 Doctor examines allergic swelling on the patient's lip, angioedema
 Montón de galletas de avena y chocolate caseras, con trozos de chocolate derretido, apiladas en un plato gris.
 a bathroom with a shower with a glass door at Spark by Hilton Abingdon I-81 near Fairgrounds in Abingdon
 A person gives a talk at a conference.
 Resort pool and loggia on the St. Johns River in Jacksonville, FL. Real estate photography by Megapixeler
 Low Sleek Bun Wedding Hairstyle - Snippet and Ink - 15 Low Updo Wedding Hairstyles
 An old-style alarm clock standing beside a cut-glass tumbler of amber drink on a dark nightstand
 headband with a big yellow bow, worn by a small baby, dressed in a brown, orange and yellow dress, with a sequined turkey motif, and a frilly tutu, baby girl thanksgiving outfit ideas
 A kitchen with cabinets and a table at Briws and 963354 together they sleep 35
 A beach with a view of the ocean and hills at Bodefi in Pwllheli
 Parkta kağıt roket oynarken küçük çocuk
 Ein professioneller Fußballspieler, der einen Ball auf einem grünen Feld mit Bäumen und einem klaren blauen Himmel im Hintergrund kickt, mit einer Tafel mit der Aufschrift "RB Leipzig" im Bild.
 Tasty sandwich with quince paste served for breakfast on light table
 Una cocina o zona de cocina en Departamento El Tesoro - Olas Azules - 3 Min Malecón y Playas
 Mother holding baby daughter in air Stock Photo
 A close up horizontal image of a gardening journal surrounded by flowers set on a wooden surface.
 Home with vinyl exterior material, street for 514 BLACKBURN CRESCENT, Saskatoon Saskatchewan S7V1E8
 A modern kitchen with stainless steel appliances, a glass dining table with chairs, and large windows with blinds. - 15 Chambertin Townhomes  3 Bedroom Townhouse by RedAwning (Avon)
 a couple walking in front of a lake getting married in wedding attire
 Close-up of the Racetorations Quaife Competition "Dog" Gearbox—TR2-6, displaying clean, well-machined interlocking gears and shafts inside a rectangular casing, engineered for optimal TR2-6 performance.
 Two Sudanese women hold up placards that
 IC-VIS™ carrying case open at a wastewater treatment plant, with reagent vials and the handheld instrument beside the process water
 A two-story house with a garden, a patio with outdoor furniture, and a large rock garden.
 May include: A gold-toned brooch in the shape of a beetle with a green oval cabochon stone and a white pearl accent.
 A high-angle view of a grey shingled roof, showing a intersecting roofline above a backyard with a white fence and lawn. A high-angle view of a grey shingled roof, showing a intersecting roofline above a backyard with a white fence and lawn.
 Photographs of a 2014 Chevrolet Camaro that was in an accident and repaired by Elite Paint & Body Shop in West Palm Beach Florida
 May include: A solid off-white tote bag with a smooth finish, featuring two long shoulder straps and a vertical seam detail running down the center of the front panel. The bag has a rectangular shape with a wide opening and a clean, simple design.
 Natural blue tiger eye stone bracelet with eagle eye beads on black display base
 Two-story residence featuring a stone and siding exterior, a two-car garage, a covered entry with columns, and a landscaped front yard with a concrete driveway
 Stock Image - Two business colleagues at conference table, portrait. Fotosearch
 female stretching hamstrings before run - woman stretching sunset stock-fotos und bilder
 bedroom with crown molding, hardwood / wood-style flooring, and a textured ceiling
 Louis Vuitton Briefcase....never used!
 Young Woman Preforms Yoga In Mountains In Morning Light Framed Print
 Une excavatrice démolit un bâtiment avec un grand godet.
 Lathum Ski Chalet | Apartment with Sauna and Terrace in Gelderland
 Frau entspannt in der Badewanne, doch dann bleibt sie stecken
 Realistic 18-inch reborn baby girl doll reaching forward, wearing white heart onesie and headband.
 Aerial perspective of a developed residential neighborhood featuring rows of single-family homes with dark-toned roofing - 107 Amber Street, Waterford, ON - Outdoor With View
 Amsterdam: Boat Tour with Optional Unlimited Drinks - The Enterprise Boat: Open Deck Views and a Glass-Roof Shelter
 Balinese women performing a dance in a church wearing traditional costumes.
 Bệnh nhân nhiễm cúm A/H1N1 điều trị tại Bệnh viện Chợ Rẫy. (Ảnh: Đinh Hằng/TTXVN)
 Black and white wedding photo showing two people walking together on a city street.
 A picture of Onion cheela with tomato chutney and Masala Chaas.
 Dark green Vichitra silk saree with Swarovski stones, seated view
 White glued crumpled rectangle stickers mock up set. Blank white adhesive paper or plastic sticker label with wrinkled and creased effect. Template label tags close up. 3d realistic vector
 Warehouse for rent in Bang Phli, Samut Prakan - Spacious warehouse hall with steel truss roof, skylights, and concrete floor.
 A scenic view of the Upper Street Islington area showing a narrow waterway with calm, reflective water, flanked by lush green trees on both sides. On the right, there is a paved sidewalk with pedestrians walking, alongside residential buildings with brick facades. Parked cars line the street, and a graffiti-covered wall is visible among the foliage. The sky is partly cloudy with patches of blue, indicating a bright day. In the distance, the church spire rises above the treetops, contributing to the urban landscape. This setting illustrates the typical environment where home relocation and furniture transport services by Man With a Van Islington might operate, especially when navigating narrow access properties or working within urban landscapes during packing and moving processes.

----

## What you are asked to do
An exact restatement of the data is required.

## Response to the task
 Doctor examines allergic swelling on the patient's lip, angioedema
 Montón de galletas de avena y chocolate caseras, con trozos de chocolate derretido, apiladas en un plato gris.
 a bathroom with a shower with a glass door at Spark by Hilton Abingdon I-81 near Fairgrounds in Abingdon
 A person gives a talk at a conference.
 Resort pool and loggia on the St. Johns River in Jacksonville, FL. Real estate photography by Megapixeler
 Low Sleek Bun Wedding Hairstyle - Snippet and Ink - 15 Low Updo Wedding Hairstyles
 An old-style alarm clock standing beside a cut-glass tumbler of amber drink on a dark nightstand
 headband with a big yellow bow, worn by a small baby, dressed in a brown, orange and yellow dress, with a sequined turkey motif, and a frilly tutu, baby girl thanksgiving outfit ideas
 A kitchen with cabinets and a table at Briws and 963354 together they sleep 35
 A beach with a view of the ocean and hills at Bodefi in Pwllheli
 Parkta kağıt roket oynarken küçük çocuk
 Ein professioneller Fußballspieler, der einen Ball auf einem grünen Feld mit Bäumen und einem klaren blauen Himmel im Hintergrund kickt, mit einer Tafel mit der Aufschrift "RB Leipzig" im Bild.
 Tasty sandwich with quince paste served for breakfast on light table
 Una cocina o zona de cocina en Departamento El Tesoro - Olas Azules - 3 Min Malecón y Playas
 Mother holding baby daughter in air Stock Photo
 A close up horizontal image of a gardening journal surrounded by flowers set on a wooden surface.
 Home with vinyl exterior material, street for 514 BLACKBURN CRESCENT, Saskatoon Saskatchewan S7V1E8
 A modern kitchen with stainless steel appliances, a glass dining table with chairs, and large windows with blinds. - 15 Chambertin Townhomes  3 Bedroom Townhouse by RedAwning (Avon)
 a couple walking in front of a lake getting married in wedding attire
 Close-up of the Racetorations Quaife Competition "Dog" Gearbox—TR2-6, displaying clean, well-machined interlocking gears and shafts inside a rectangular casing, engineered for optimal TR2-6 performance.
 Two Sudanese women hold up placards that
 IC-VIS™ carrying case open at a wastewater treatment plant, with reagent vials and the handheld instrument beside the process water
 A two-story house with a garden, a patio with outdoor furniture, and a large rock garden.
 May include: A gold-toned brooch in the shape of a beetle with a green oval cabochon stone and a white pearl accent.
 A high-angle view of a grey shingled roof, showing a intersecting roofline above a backyard with a white fence and lawn. A high-angle view of a grey shingled roof, showing a intersecting roofline above a backyard with a white fence and lawn.
 Photographs of a 2014 Chevrolet Camaro that was in an accident and repaired by Elite Paint & Body Shop in West Palm Beach Florida
 May include: A solid off-white tote bag with a smooth finish, featuring two long shoulder straps and a vertical seam detail running down the center of the front panel. The bag has a rectangular shape with a wide opening and a clean, simple design.
 Natural blue tiger eye stone bracelet with eagle eye beads on black display base
 Two-story residence featuring a stone and siding exterior, a two-car garage, a covered entry with columns, and a landscaped front yard with a concrete driveway
 Stock Image - Two business colleagues at conference table, portrait. Fotosearch
 female stretching hamstrings before run - woman stretching sunset stock-fotos und bilder
 bedroom with crown molding, hardwood / wood-style flooring, and a textured ceiling
 Louis Vuitton Briefcase....never used!
 Young Woman Preforms Yoga In Mountains In Morning Light Framed Print
 Une excavatrice démolit un bâtiment avec un grand godet.
 Lathum Ski Chalet | Apartment with Sauna and Terrace in Gelderland
 Frau entspannt in der Badewanne, doch dann bleibt sie stecken
 Realistic 18-inch reborn baby girl doll reaching forward, wearing white heart onesie and headband.
 Aerial perspective of a developed residential neighborhood featuring rows of single-family homes with dark-toned roofing - 107 Amber Street, Waterford, ON - Outdoor With View
 Amsterdam: Boat Tour with Optional Unlimited Drinks - The Enterprise Boat: Open Deck Views and a Glass-Roof Shelter
 Balinese women performing a dance in a church wearing traditional costumes.
 Bệnh nhân nhiễm cúm A/H1N1 điều trị tại Bệnh viện Chợ Rẫy. (Ảnh: Đinh Hằng/TTXVN)
 Black and white wedding photo showing two people walking together on a city street.
 A picture of Onion cheela with tomato chutney and Masala Chaas.
 Dark green Vichitra silk saree with Swarovski stones, seated view
 White glued crumpled rectangle stickers mock up set. Blank white adhesive paper or plastic sticker label with wrinkled and creased effect. Template label tags close up. 3d realistic vector
 Warehouse for rent in Bang Phli, Samut Prakan - Spacious warehouse hall with steel truss roof, skylights, and concrete floor.
 A scenic view of the Upper Street Islington area showing a narrow waterway with calm, reflective water, flanked by lush green trees on both sides. On the right, there is a paved sidewalk with pedestrians walking, alongside residential buildings with brick facades. Parked cars line the street, and a graffiti-covered wall is visible among the foliage. The sky is partly cloudy with patches of blue, indicating a bright day. In the distance, the church spire rises above the treetops, contributing to the urban landscape. This setting illustrates the typical environment where home relocation and furniture transport services by Man With a Van Islington might operate, especially when navigating narrow access properties or working within urban landscapes during packing and moving processes.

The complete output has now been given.